→ **WORKING DATA**
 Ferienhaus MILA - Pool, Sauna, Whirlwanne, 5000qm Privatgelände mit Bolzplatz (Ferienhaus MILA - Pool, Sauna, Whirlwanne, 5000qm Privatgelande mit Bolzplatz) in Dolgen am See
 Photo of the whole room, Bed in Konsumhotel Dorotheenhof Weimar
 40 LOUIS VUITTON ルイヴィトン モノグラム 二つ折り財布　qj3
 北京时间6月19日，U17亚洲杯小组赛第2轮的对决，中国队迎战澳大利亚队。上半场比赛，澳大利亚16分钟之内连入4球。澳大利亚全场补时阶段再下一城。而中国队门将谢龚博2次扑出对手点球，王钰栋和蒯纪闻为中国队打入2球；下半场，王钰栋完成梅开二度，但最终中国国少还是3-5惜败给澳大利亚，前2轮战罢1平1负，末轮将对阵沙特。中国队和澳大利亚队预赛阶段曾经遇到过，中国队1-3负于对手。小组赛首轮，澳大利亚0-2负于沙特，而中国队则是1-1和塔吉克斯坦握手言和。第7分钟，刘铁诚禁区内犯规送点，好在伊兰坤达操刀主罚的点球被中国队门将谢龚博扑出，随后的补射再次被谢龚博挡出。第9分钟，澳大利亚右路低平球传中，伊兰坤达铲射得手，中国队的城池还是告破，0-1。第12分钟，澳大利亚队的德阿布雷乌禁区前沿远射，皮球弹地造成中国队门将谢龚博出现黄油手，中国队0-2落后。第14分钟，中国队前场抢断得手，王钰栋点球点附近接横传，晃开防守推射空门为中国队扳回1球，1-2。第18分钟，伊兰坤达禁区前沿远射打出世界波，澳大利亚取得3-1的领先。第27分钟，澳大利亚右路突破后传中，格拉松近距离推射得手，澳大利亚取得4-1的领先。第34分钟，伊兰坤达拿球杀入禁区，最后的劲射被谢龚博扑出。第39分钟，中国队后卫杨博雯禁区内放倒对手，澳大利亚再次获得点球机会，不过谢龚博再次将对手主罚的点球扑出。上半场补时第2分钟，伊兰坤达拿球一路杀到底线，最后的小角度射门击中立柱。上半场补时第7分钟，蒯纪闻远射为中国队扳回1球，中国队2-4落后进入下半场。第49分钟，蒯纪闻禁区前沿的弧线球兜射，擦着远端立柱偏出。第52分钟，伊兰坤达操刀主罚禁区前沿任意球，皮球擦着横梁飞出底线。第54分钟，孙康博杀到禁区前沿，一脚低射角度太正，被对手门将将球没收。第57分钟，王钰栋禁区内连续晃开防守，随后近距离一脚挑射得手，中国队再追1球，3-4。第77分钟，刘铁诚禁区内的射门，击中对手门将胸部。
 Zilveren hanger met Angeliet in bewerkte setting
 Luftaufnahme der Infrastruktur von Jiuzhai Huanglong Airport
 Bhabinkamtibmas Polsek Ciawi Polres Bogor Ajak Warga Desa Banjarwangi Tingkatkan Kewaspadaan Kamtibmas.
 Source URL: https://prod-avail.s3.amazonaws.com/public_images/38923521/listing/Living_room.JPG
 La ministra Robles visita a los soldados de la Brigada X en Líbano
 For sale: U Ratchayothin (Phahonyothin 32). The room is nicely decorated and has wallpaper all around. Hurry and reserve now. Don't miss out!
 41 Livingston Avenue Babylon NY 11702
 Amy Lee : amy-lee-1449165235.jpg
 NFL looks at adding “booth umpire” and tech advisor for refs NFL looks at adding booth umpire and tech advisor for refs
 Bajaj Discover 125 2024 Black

→ **ACTIVITY**
Nothing in the listing above may be altered; transcribe all of it.

→ **WRITTEN REPLY**
 Ferienhaus MILA - Pool, Sauna, Whirlwanne, 5000qm Privatgelände mit Bolzplatz (Ferienhaus MILA - Pool, Sauna, Whirlwanne, 5000qm Privatgelande mit Bolzplatz) in Dolgen am See
 Photo of the whole room, Bed in Konsumhotel Dorotheenhof Weimar
 40 LOUIS VUITTON ルイヴィトン モノグラム 二つ折り財布　qj3
 北京时间6月19日，U17亚洲杯小组赛第2轮的对决，中国队迎战澳大利亚队。上半场比赛，澳大利亚16分钟之内连入4球。澳大利亚全场补时阶段再下一城。而中国队门将谢龚博2次扑出对手点球，王钰栋和蒯纪闻为中国队打入2球；下半场，王钰栋完成梅开二度，但最终中国国少还是3-5惜败给澳大利亚，前2轮战罢1平1负，末轮将对阵沙特。中国队和澳大利亚队预赛阶段曾经遇到过，中国队1-3负于对手。小组赛首轮，澳大利亚0-2负于沙特，而中国队则是1-1和塔吉克斯坦握手言和。第7分钟，刘铁诚禁区内犯规送点，好在伊兰坤达操刀主罚的点球被中国队门将谢龚博扑出，随后的补射再次被谢龚博挡出。第9分钟，澳大利亚右路低平球传中，伊兰坤达铲射得手，中国队的城池还是告破，0-1。第12分钟，澳大利亚队的德阿布雷乌禁区前沿远射，皮球弹地造成中国队门将谢龚博出现黄油手，中国队0-2落后。第14分钟，中国队前场抢断得手，王钰栋点球点附近接横传，晃开防守推射空门为中国队扳回1球，1-2。第18分钟，伊兰坤达禁区前沿远射打出世界波，澳大利亚取得3-1的领先。第27分钟，澳大利亚右路突破后传中，格拉松近距离推射得手，澳大利亚取得4-1的领先。第34分钟，伊兰坤达拿球杀入禁区，最后的劲射被谢龚博扑出。第39分钟，中国队后卫杨博雯禁区内放倒对手，澳大利亚再次获得点球机会，不过谢龚博再次将对手主罚的点球扑出。上半场补时第2分钟，伊兰坤达拿球一路杀到底线，最后的小角度射门击中立柱。上半场补时第7分钟，蒯纪闻远射为中国队扳回1球，中国队2-4落后进入下半场。第49分钟，蒯纪闻禁区前沿的弧线球兜射，擦着远端立柱偏出。第52分钟，伊兰坤达操刀主罚禁区前沿任意球，皮球擦着横梁飞出底线。第54分钟，孙康博杀到禁区前沿，一脚低射角度太正，被对手门将将球没收。第57分钟，王钰栋禁区内连续晃开防守，随后近距离一脚挑射得手，中国队再追1球，3-4。第77分钟，刘铁诚禁区内的射门，击中对手门将胸部。
 Zilveren hanger met Angeliet in bewerkte setting
 Luftaufnahme der Infrastruktur von Jiuzhai Huanglong Airport
 Bhabinkamtibmas Polsek Ciawi Polres Bogor Ajak Warga Desa Banjarwangi Tingkatkan Kewaspadaan Kamtibmas.
 Source URL: https://prod-avail.s3.amazonaws.com/public_images/38923521/listing/Living_room.JPG
 La ministra Robles visita a los soldados de la Brigada X en Líbano
 For sale: U Ratchayothin (Phahonyothin 32). The room is nicely decorated and has wallpaper all around. Hurry and reserve now. Don't miss out!
 41 Livingston Avenue Babylon NY 11702
 Amy Lee : amy-lee-1449165235.jpg
 NFL looks at adding “booth umpire” and tech advisor for refs NFL looks at adding booth umpire and tech advisor for refs
 Bajaj Discover 125 2024 Black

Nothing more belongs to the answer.